## Crawled caption data:
※ ※ ※

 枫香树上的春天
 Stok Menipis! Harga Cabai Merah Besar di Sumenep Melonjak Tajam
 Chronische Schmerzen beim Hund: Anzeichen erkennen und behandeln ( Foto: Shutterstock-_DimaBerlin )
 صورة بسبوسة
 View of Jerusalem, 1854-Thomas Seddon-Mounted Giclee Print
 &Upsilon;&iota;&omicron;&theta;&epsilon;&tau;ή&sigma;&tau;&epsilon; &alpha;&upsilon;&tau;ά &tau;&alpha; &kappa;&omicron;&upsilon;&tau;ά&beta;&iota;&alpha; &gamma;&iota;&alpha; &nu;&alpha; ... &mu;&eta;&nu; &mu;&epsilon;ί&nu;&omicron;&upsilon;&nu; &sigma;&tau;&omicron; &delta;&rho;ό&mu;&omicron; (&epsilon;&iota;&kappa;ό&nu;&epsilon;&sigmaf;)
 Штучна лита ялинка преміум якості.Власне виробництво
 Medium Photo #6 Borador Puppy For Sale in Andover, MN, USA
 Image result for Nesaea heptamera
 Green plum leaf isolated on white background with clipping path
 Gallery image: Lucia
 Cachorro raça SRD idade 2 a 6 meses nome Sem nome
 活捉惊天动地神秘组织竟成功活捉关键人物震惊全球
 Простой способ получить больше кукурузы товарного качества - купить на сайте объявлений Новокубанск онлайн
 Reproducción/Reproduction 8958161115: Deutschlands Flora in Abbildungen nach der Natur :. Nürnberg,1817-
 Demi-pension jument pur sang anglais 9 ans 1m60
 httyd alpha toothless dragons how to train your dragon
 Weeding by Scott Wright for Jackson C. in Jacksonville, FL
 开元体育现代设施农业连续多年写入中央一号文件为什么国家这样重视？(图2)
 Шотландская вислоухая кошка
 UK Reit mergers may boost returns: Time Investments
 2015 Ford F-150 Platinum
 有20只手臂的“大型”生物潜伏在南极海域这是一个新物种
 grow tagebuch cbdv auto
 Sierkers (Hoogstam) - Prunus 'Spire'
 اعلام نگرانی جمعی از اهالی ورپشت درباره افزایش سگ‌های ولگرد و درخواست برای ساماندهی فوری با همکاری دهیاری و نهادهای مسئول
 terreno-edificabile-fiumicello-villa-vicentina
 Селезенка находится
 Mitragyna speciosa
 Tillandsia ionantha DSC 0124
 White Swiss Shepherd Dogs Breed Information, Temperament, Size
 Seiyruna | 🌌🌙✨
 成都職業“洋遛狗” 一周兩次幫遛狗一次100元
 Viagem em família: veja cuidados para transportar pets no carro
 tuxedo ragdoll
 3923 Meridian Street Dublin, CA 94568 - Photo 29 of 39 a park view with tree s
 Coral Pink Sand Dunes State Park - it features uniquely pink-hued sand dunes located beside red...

※ ※ ※

## What the exercise asks:
Retype the data in full, exactly.

## Reply to the exercise:
 枫香树上的春天
 Stok Menipis! Harga Cabai Merah Besar di Sumenep Melonjak Tajam
 Chronische Schmerzen beim Hund: Anzeichen erkennen und behandeln ( Foto: Shutterstock-_DimaBerlin )
 صورة بسبوسة
 View of Jerusalem, 1854-Thomas Seddon-Mounted Giclee Print
 &Upsilon;&iota;&omicron;&theta;&epsilon;&tau;ή&sigma;&tau;&epsilon; &alpha;&upsilon;&tau;ά &tau;&alpha; &kappa;&omicron;&upsilon;&tau;ά&beta;&iota;&alpha; &gamma;&iota;&alpha; &nu;&alpha; ... &mu;&eta;&nu; &mu;&epsilon;ί&nu;&omicron;&upsilon;&nu; &sigma;&tau;&omicron; &delta;&rho;ό&mu;&omicron; (&epsilon;&iota;&kappa;ό&nu;&epsilon;&sigmaf;)
 Штучна лита ялинка преміум якості.Власне виробництво
 Medium Photo #6 Borador Puppy For Sale in Andover, MN, USA
 Image result for Nesaea heptamera
 Green plum leaf isolated on white background with clipping path
 Gallery image: Lucia
 Cachorro raça SRD idade 2 a 6 meses nome Sem nome
 活捉惊天动地神秘组织竟成功活捉关键人物震惊全球
 Простой способ получить больше кукурузы товарного качества - купить на сайте объявлений Новокубанск онлайн
 Reproducción/Reproduction 8958161115: Deutschlands Flora in Abbildungen nach der Natur :. Nürnberg,1817-
 Demi-pension jument pur sang anglais 9 ans 1m60
 httyd alpha toothless dragons how to train your dragon
 Weeding by Scott Wright for Jackson C. in Jacksonville, FL
 开元体育现代设施农业连续多年写入中央一号文件为什么国家这样重视？(图2)
 Шотландская вислоухая кошка
 UK Reit mergers may boost returns: Time Investments
 2015 Ford F-150 Platinum
 有20只手臂的“大型”生物潜伏在南极海域这是一个新物种
 grow tagebuch cbdv auto
 Sierkers (Hoogstam) - Prunus 'Spire'
 اعلام نگرانی جمعی از اهالی ورپشت درباره افزایش سگ‌های ولگرد و درخواست برای ساماندهی فوری با همکاری دهیاری و نهادهای مسئول
 terreno-edificabile-fiumicello-villa-vicentina
 Селезенка находится
 Mitragyna speciosa
 Tillandsia ionantha DSC 0124
 White Swiss Shepherd Dogs Breed Information, Temperament, Size
 Seiyruna | 🌌🌙✨
 成都職業“洋遛狗” 一周兩次幫遛狗一次100元
 Viagem em família: veja cuidados para transportar pets no carro
 tuxedo ragdoll
 3923 Meridian Street Dublin, CA 94568 - Photo 29 of 39 a park view with tree s
 Coral Pink Sand Dunes State Park - it features uniquely pink-hued sand dunes located beside red...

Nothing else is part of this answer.